The records START

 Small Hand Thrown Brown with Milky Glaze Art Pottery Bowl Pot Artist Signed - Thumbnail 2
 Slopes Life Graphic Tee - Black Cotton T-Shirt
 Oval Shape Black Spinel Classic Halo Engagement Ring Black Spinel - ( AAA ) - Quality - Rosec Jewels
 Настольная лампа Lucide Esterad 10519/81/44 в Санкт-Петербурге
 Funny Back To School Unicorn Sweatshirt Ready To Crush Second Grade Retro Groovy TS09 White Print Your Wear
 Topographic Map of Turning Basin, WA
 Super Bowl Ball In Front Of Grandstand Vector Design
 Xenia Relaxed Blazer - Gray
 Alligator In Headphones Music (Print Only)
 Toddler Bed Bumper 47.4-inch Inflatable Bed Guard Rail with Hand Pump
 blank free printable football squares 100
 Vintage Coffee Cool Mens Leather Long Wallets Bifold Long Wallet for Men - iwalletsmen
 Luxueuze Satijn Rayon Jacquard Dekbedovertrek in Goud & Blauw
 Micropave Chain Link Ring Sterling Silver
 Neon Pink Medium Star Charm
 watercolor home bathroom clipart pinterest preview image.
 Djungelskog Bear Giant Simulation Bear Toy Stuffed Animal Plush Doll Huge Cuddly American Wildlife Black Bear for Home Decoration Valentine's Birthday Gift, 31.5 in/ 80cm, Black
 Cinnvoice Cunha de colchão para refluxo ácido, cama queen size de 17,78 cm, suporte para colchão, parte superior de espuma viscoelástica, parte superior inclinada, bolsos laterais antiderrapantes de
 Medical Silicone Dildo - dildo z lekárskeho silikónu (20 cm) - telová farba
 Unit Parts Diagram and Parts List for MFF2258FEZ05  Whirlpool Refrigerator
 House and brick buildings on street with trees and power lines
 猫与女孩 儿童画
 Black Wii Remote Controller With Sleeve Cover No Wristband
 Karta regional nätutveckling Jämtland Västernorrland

The records END

Only the lines above starting at the line that holds "Neon Pink Medium Star Charm" and ending at the line that holds "Djungelskog Bear Giant" are to be repeated, exactly and in full.

__The answer__
 Neon Pink Medium Star Charm
 watercolor home bathroom clipart pinterest preview image.
 Djungelskog Bear Giant Simulation Bear Toy Stuffed Animal Plush Doll Huge Cuddly American Wildlife Black Bear for Home Decoration Valentine's Birthday Gift, 31.5 in/ 80cm, Black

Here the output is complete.